= Exercise description =
Using the records that follow, reproduce exactly the lines starting at the line containing "リナル 祐天寺店/120分☆痩身マシン＋全身リンパ" and ending at the line containing "Субсерозная миома матки". Include both end lines and no pictures.

= Records supplied =
───

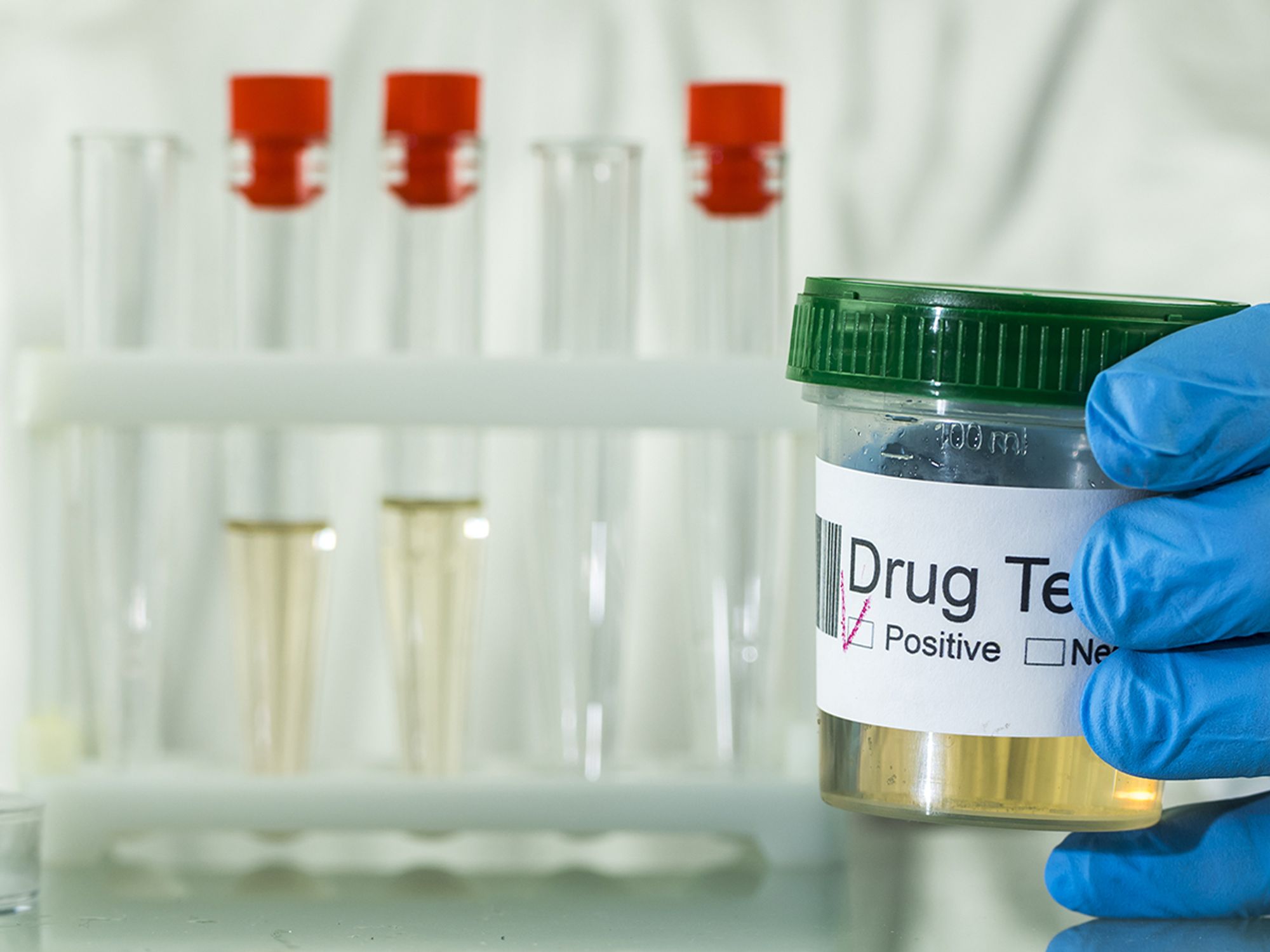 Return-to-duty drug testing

───

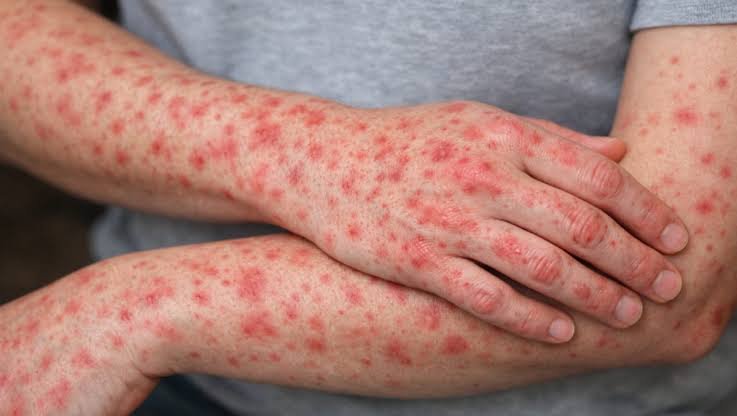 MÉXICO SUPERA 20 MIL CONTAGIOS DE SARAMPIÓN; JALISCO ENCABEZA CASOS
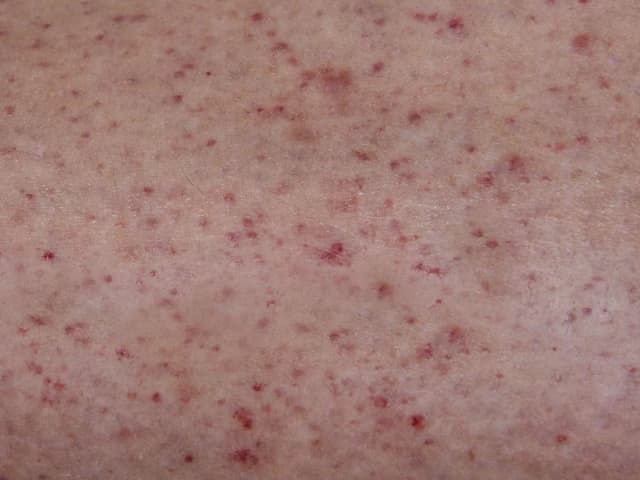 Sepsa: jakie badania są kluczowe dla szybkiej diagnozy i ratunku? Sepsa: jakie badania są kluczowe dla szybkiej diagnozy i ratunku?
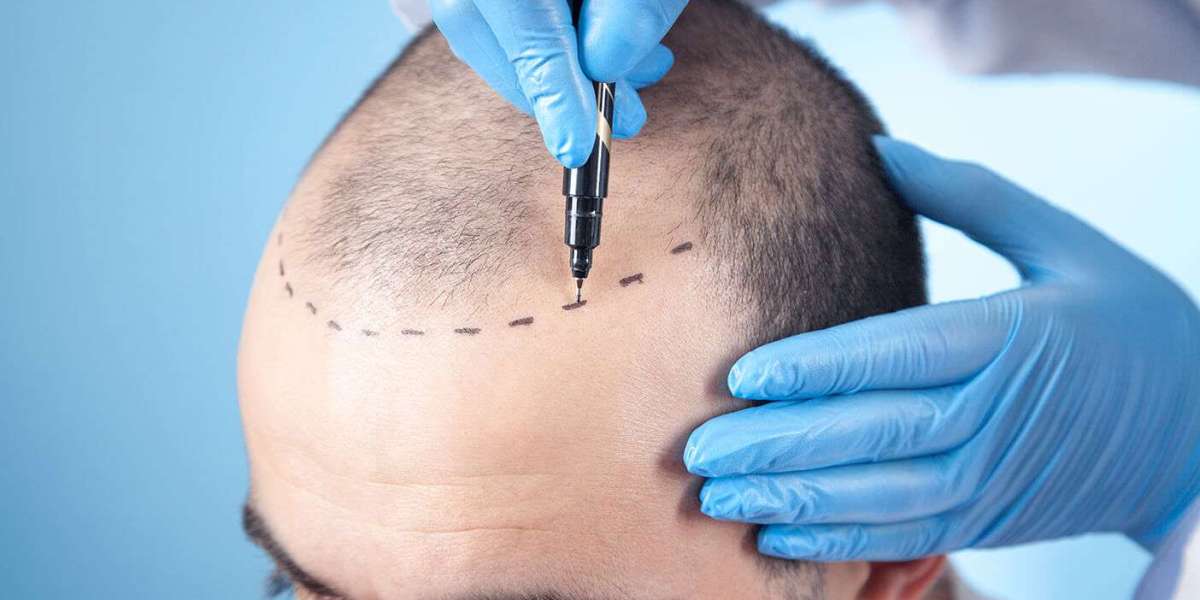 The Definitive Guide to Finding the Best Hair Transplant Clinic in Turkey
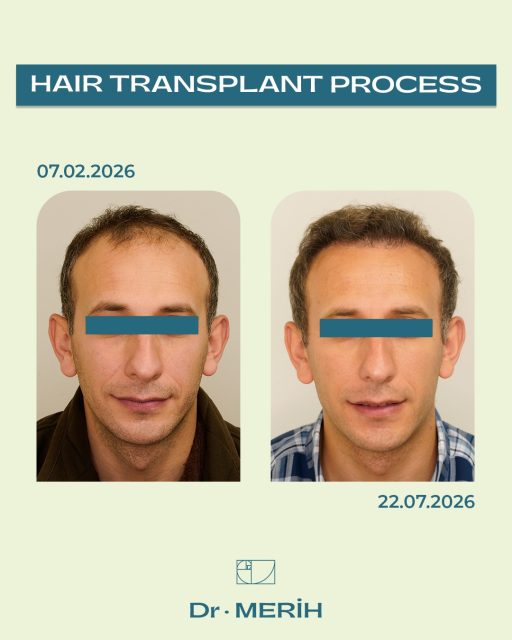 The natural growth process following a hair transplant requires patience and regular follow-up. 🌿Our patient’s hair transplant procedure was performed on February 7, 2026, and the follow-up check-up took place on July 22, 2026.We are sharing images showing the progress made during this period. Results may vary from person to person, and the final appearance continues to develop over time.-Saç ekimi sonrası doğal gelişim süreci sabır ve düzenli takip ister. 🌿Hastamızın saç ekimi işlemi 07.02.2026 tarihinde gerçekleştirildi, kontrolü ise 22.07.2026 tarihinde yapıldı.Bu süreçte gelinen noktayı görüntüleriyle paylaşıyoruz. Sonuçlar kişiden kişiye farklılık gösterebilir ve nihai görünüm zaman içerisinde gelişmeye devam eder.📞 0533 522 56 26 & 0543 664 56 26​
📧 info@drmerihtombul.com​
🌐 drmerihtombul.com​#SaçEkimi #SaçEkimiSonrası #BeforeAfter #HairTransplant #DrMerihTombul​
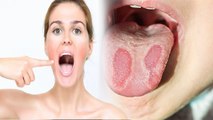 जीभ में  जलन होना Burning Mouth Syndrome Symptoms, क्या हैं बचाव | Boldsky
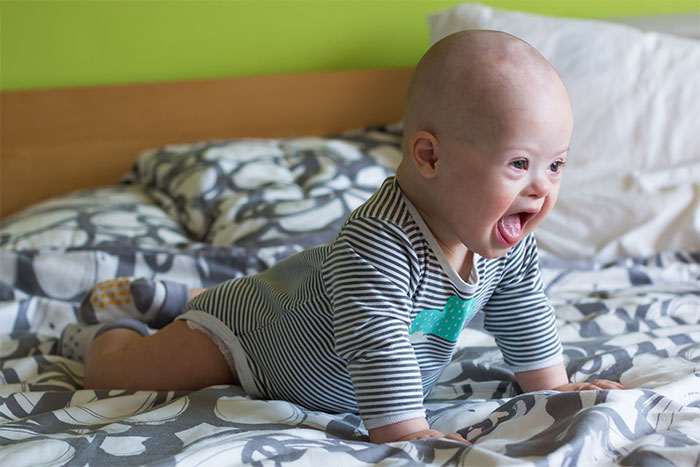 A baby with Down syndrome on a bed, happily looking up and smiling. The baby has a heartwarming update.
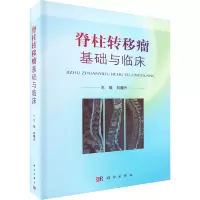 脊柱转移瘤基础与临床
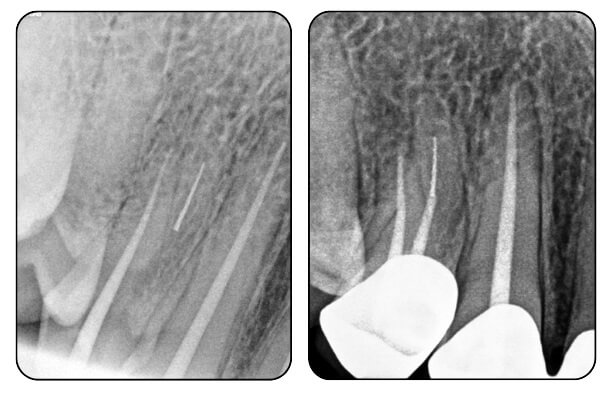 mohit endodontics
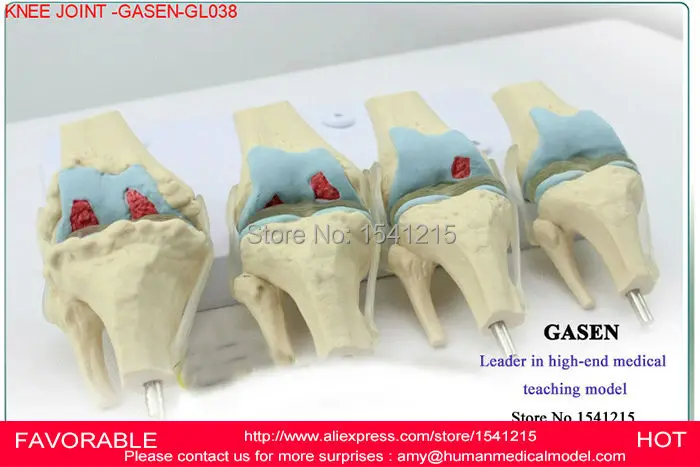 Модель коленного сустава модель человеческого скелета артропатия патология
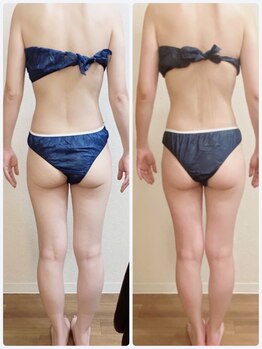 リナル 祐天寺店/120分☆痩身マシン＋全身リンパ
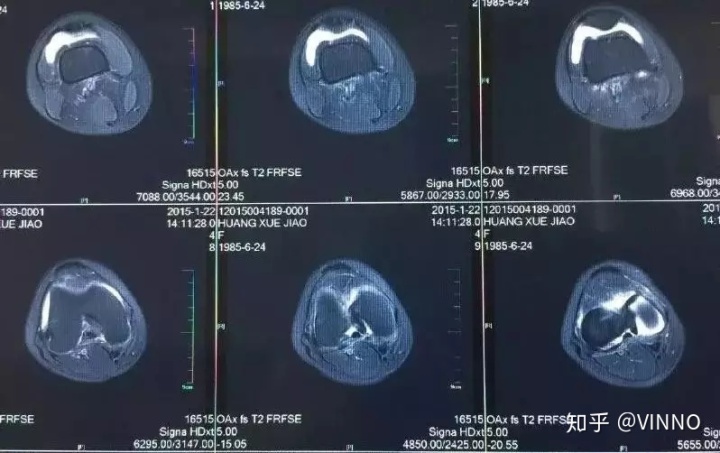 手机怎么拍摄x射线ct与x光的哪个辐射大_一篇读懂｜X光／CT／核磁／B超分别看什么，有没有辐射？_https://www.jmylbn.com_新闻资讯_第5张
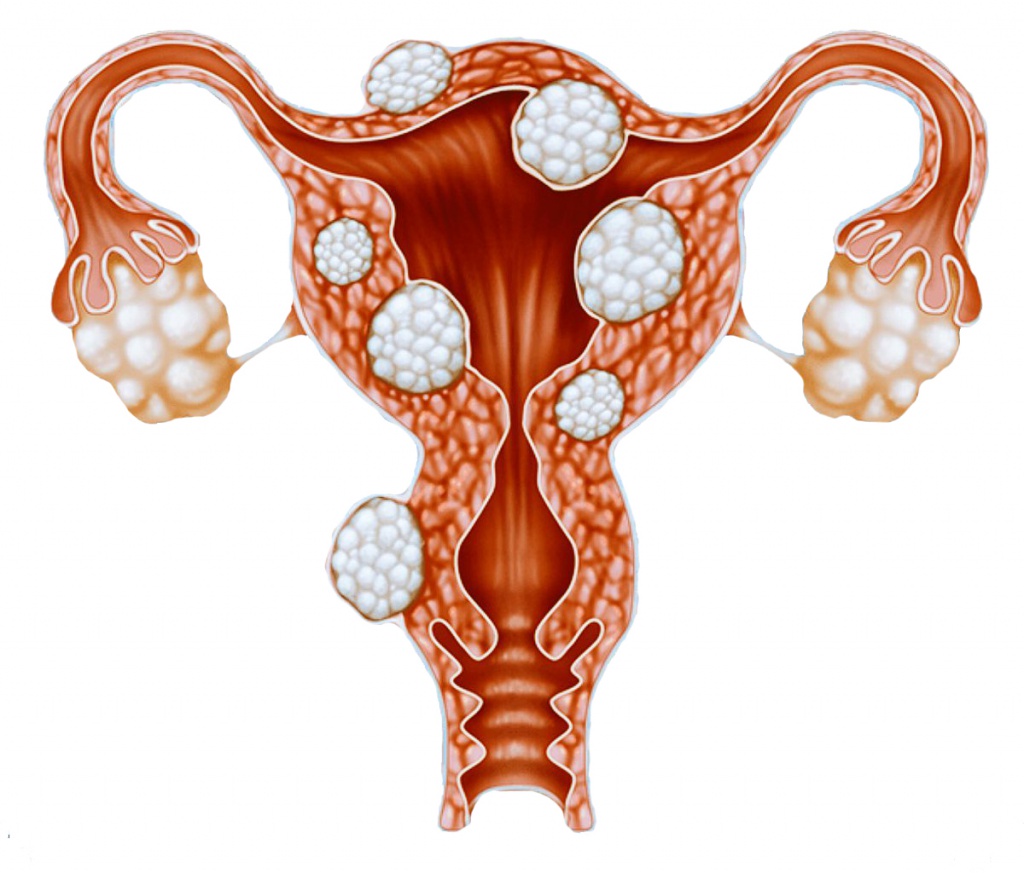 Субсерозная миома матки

───

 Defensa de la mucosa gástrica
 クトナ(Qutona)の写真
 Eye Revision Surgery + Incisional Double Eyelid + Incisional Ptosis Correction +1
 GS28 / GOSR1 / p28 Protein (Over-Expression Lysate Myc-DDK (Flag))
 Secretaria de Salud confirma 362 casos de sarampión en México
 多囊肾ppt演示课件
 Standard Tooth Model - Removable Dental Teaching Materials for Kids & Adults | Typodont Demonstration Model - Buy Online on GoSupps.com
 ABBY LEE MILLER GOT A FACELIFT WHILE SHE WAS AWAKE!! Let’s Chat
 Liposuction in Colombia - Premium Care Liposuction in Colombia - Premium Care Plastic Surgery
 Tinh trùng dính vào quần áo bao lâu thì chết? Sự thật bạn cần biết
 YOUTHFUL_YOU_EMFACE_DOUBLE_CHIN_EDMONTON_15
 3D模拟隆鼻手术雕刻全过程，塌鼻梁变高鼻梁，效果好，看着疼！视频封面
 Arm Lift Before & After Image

───

= Answer =
 リナル 祐天寺店/120分☆痩身マシン＋全身リンパ
 手机怎么拍摄x射线ct与x光的哪个辐射大_一篇读懂｜X光／CT／核磁／B超分别看什么，有没有辐射？_https://www.jmylbn.com_新闻资讯_第5张
 Субсерозная миома матки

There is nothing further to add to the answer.